• [Given records]:
________________

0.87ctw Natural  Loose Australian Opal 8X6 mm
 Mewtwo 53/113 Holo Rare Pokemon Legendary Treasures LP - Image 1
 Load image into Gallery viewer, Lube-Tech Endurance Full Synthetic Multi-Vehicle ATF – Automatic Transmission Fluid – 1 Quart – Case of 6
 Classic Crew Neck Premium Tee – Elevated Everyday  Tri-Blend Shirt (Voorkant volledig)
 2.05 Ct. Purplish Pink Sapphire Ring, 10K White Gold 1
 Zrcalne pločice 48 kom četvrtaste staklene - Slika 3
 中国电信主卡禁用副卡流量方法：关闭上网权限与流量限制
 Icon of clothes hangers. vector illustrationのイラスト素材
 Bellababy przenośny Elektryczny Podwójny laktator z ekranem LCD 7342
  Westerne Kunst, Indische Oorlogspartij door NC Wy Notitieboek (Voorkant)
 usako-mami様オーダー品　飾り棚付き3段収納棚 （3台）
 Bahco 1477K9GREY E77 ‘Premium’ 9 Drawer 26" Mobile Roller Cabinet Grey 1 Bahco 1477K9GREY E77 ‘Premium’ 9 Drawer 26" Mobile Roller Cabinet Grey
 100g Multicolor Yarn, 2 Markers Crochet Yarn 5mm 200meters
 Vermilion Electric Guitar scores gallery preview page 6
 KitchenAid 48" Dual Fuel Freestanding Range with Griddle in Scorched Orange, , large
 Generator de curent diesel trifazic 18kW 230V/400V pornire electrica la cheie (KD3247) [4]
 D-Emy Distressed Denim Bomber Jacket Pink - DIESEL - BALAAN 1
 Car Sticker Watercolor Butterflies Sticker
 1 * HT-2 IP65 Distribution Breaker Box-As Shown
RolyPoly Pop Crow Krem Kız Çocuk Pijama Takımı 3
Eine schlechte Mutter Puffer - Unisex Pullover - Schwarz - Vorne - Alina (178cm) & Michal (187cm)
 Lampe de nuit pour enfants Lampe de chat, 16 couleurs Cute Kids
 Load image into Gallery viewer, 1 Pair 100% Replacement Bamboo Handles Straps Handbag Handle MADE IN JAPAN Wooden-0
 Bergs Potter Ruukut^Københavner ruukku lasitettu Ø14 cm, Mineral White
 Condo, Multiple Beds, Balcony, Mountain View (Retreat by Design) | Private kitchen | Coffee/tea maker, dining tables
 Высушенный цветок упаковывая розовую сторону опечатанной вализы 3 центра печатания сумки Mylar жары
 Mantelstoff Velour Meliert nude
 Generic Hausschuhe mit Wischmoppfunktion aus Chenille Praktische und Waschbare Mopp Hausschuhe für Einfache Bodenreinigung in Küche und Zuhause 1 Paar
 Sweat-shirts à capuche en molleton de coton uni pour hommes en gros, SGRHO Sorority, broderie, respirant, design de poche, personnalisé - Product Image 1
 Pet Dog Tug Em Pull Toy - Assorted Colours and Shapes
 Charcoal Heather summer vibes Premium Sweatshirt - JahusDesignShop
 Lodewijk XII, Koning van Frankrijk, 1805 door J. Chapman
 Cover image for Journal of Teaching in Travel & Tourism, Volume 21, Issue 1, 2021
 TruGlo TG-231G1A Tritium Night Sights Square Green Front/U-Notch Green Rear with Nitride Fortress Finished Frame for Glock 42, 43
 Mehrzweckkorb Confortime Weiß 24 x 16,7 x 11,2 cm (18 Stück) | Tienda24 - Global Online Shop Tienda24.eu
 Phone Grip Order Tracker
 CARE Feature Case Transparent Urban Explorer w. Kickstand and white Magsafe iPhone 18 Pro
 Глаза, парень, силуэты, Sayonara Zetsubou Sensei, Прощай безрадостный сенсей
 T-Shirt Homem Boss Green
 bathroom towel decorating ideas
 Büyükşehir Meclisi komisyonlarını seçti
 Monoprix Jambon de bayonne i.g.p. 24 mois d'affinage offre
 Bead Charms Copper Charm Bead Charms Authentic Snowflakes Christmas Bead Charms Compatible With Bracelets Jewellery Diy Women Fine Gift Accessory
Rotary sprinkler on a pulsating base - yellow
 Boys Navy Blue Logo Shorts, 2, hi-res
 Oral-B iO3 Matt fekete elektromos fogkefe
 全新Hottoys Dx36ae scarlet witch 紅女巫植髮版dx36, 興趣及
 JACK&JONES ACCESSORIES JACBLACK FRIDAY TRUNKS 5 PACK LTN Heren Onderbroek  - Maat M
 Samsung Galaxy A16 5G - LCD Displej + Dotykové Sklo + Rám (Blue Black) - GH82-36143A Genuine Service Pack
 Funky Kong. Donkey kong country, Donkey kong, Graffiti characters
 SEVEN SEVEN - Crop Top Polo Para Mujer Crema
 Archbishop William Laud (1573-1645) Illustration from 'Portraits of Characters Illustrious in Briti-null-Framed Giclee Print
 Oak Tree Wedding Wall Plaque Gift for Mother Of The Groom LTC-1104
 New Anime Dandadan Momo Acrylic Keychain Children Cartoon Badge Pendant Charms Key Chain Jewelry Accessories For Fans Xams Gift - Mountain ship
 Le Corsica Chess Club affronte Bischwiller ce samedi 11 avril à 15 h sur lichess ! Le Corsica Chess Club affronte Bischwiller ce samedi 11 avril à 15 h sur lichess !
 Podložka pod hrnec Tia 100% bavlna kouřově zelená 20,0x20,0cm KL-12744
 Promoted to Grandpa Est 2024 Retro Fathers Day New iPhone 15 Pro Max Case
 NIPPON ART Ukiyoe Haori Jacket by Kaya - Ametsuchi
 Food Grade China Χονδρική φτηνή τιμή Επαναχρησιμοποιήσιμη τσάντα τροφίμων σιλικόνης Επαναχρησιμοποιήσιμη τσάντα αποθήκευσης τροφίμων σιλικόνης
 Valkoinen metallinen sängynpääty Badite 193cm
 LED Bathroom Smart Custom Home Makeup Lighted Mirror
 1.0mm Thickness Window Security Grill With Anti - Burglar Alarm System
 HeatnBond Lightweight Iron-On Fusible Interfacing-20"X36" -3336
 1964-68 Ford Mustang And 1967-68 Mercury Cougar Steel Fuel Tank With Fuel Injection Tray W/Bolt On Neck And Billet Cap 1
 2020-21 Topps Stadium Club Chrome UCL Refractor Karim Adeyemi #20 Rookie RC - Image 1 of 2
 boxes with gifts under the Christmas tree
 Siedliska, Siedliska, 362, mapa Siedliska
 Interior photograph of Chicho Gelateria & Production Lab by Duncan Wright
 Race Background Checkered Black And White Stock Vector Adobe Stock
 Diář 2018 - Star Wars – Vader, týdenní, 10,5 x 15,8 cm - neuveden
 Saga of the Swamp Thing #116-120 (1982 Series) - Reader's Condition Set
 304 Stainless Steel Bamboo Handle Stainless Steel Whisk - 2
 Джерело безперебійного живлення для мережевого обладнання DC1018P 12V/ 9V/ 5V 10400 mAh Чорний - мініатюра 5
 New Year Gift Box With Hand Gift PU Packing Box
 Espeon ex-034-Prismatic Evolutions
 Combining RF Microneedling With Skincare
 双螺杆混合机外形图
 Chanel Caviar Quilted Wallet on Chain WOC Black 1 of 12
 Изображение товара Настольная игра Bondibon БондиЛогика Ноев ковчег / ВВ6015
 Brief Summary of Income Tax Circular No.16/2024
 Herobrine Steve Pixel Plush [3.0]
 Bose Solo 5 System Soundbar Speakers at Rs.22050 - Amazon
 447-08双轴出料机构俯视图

________________

• [Aim of the task]:
In the listing above, locate the line with "Load image into Gallery viewer, Lube-Tech" and the line with "Cabinet Grey 1", then extract exactly those lines and every line between them, and nothing more.

• [Response for this exercise]:
 Load image into Gallery viewer, Lube-Tech Endurance Full Synthetic Multi-Vehicle ATF – Automatic Transmission Fluid – 1 Quart – Case of 6
 Classic Crew Neck Premium Tee – Elevated Everyday  Tri-Blend Shirt (Voorkant volledig)
 2.05 Ct. Purplish Pink Sapphire Ring, 10K White Gold 1
 Zrcalne pločice 48 kom četvrtaste staklene - Slika 3
 中国电信主卡禁用副卡流量方法：关闭上网权限与流量限制
 Icon of clothes hangers. vector illustrationのイラスト素材
 Bellababy przenośny Elektryczny Podwójny laktator z ekranem LCD 7342
  Westerne Kunst, Indische Oorlogspartij door NC Wy Notitieboek (Voorkant)
 usako-mami様オーダー品　飾り棚付き3段収納棚 （3台）
 Bahco 1477K9GREY E77 ‘Premium’ 9 Drawer 26" Mobile Roller Cabinet Grey 1 Bahco 1477K9GREY E77 ‘Premium’ 9 Drawer 26" Mobile Roller Cabinet Grey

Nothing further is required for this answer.